══ Dataset content ══
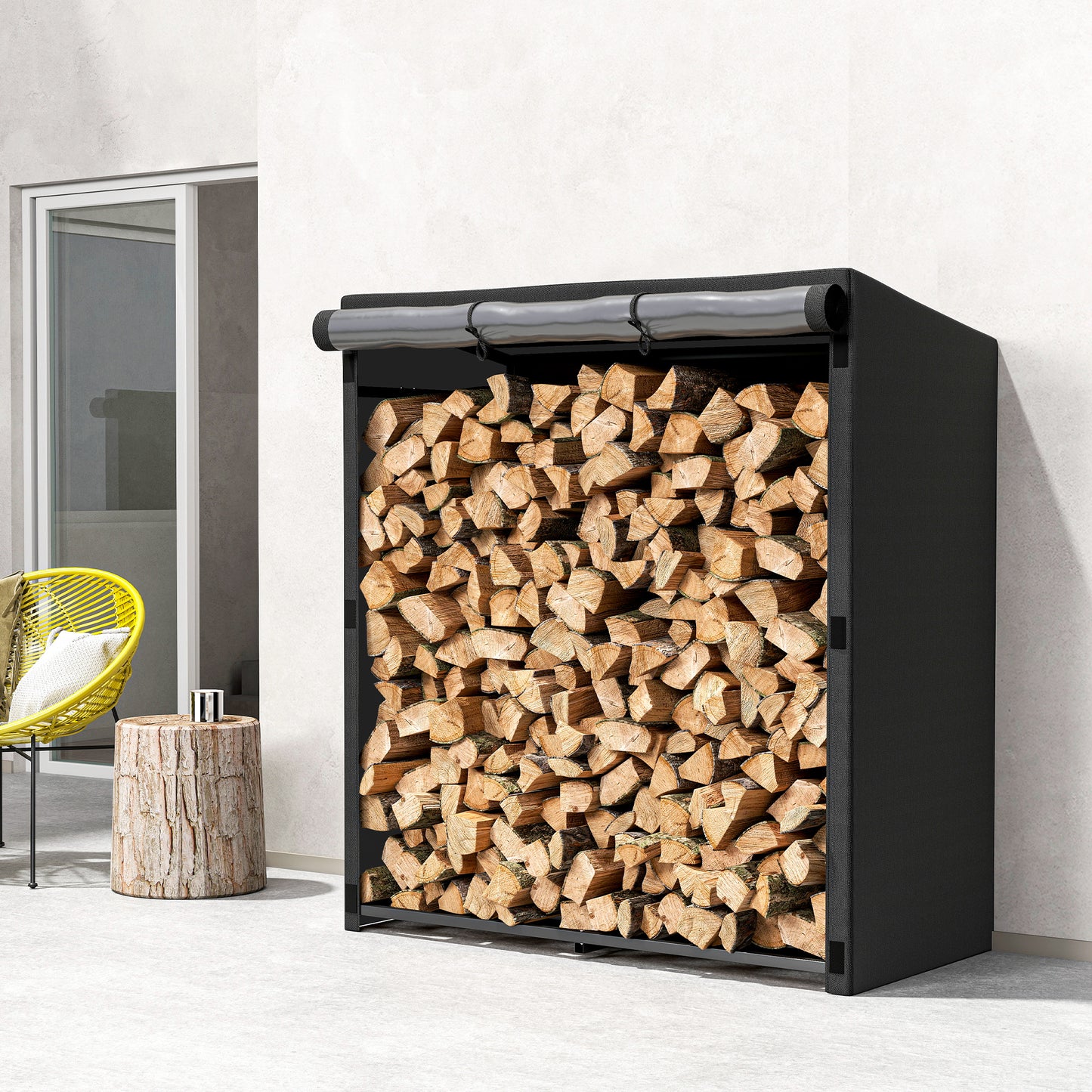 Houtopslag – Brandhoutrek – Haardhoutrek – Houtberging – Houtstapelrek – Stalen Frame – Waterdichte Oxford Stof – 300 kg Capaciteit – 140x70x154 cm – Zwart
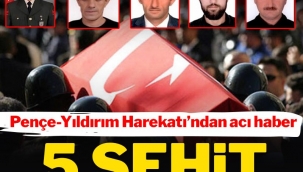Pençe-Yıldırım Harekatı'nda 5 şehit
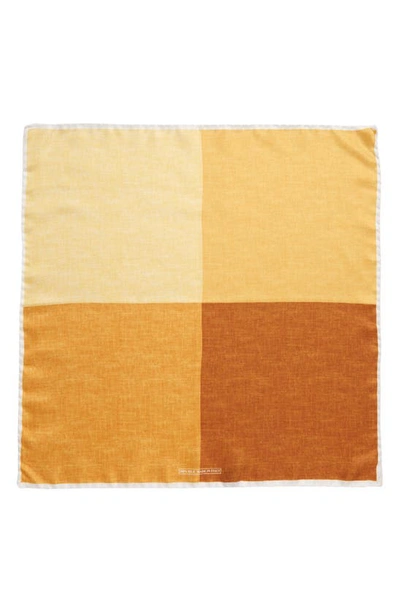 Nordstrom Colorblock Silk Pocket Square In Yellow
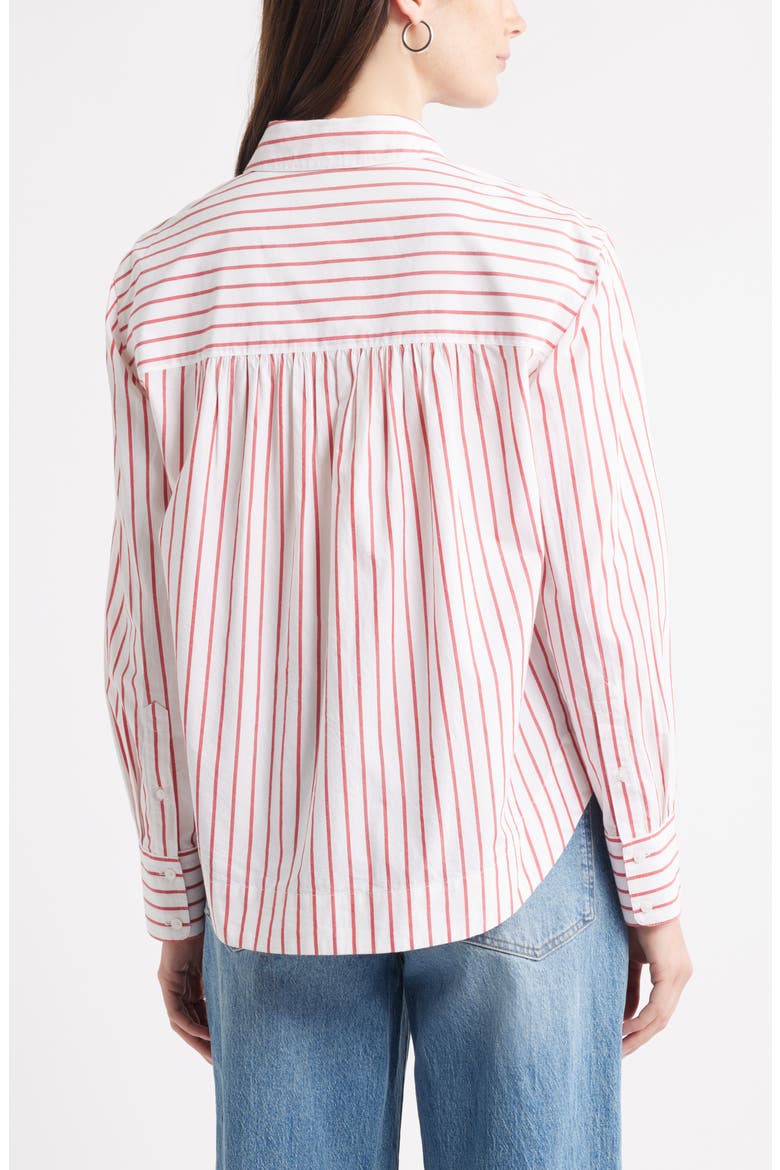 Long Sleeve Drop Hem Button-Up Shirt, Alternate, color, WHITE- RED CARLEY STRIPE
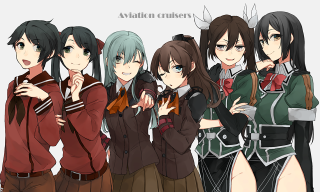 Anime girls group arms around - their back free wallpaper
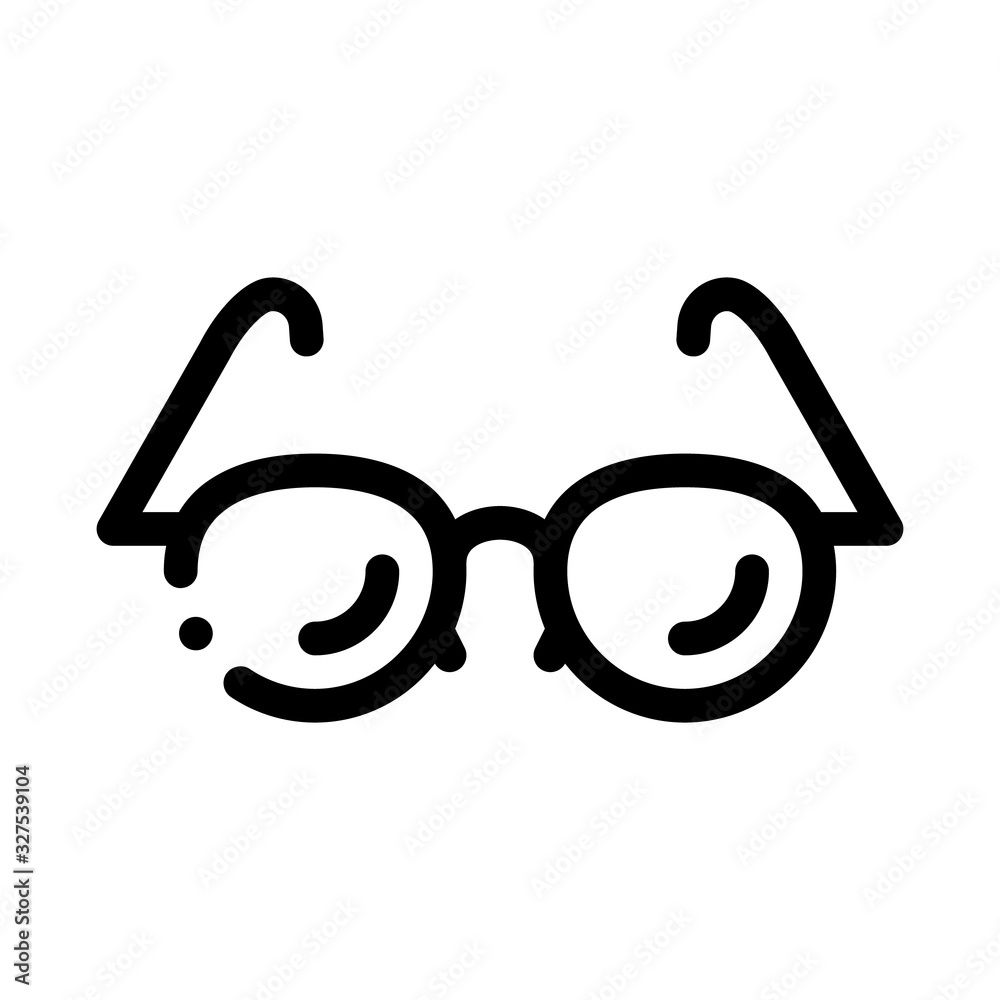 Sticker Glasses For Good Vision Icon Thin Line Vector. Optical Glasses Optometrist Equipment For Better Eyesight Concept Linear Pictogram. Monochrome Outline Sign Isolated Contour Symbol Illustration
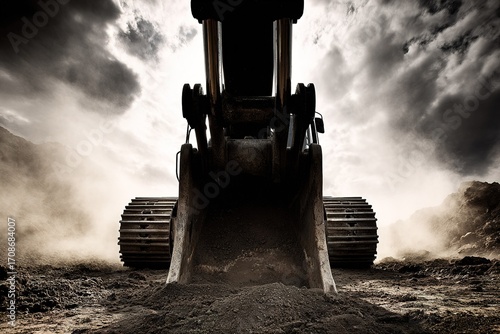 Heavy machinery digs earth under dramatic cloudy sky in construction site during late afternoon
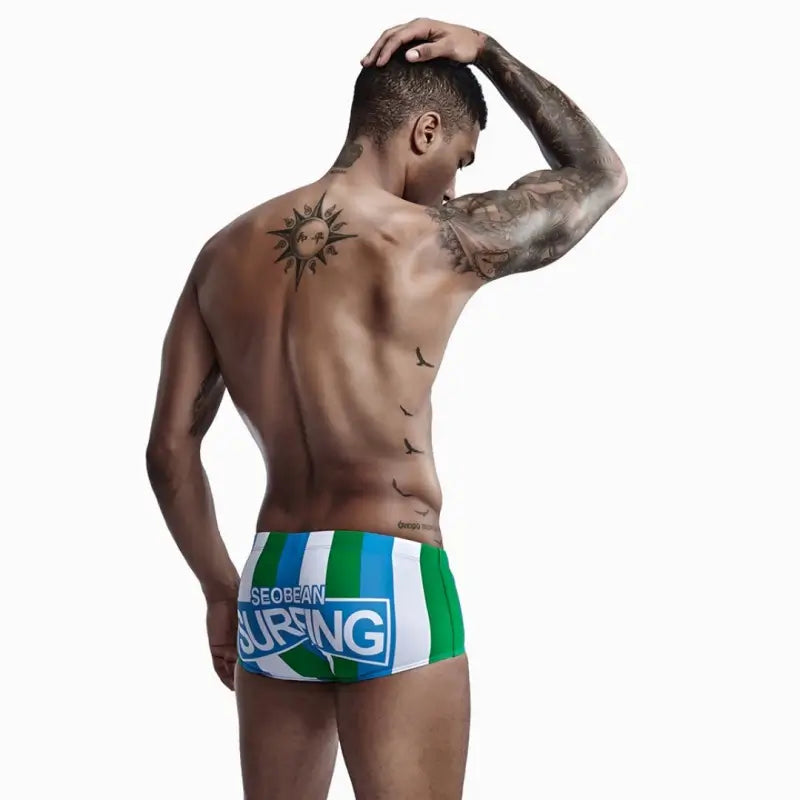 Seobean Seobean Men's Low-Rise Stripe Swim Trunks 90807
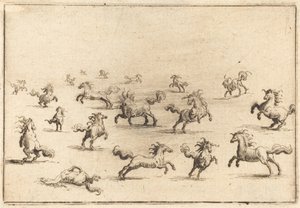 Pferde im Galopp von Jacques Callot
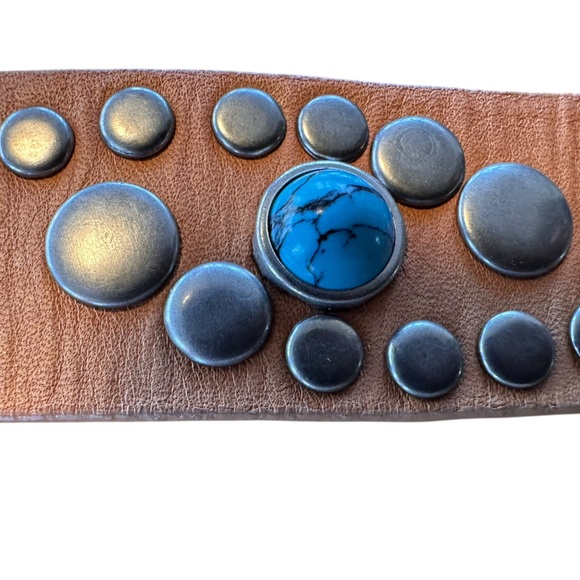 Steve Madden Studded Tan Leather Western Belt Faux Turquoise Boho Cowgirl Small - Picture 4 of 14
═══
**Task statement**
Which lines run from the one containing "Sticker Glasses For" to the end of the entries above? Write them out exactly, leaving out every picture.

**Answer to this problem**
 Sticker Glasses For Good Vision Icon Thin Line Vector. Optical Glasses Optometrist Equipment For Better Eyesight Concept Linear Pictogram. Monochrome Outline Sign Isolated Contour Symbol Illustration
 Heavy machinery digs earth under dramatic cloudy sky in construction site during late afternoon
 Seobean Seobean Men's Low-Rise Stripe Swim Trunks 90807
 Pferde im Galopp von Jacques Callot
 Steve Madden Studded Tan Leather Western Belt Faux Turquoise Boho Cowgirl Small - Picture 4 of 14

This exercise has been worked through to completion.